Before clicking Create, you can click Test Connectivity to test that the Sink can be connected to the OpenTSDB server.
Click the Create button to complete the Sink configuration. A new Sink will be added to the Action Outputs.
Back on the Create Rule page, verify the configured information. Click the Create button to generate the rule.

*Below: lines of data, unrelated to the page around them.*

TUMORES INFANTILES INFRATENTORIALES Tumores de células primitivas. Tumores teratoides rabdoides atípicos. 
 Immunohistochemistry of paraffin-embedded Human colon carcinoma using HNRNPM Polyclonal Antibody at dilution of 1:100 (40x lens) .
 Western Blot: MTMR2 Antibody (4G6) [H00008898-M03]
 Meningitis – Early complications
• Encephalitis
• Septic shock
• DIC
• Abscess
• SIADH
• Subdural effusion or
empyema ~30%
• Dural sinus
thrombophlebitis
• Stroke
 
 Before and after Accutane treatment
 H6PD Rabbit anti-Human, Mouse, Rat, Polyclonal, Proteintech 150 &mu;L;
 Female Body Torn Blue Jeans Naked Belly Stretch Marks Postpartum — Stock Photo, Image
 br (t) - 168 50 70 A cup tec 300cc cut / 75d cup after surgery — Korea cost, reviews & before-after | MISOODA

You have now successfully created the rule for forwarding data through the OpenTSDB Sink. You can see the newly created rule on the Integration -> Rules page. Click the Actions(Sink) tab and you can see the new OpenTSDB Sink.
You can also click Integration -> Flow Designer to view the topology and you can see that the messages under topic t/#
are sent and saved to OpenTSDB after parsing by rule my_rule
.
Test the Rule
Use MQTTX to publish a message on topic t/opents
.
mqttx pub -i emqx_c -t t/opents -m '{"metric":"cpu","tags":{"host":"serverA"},"value":12}'
Check the running status of the Sink, there should be one new incoming and one new outgoing message.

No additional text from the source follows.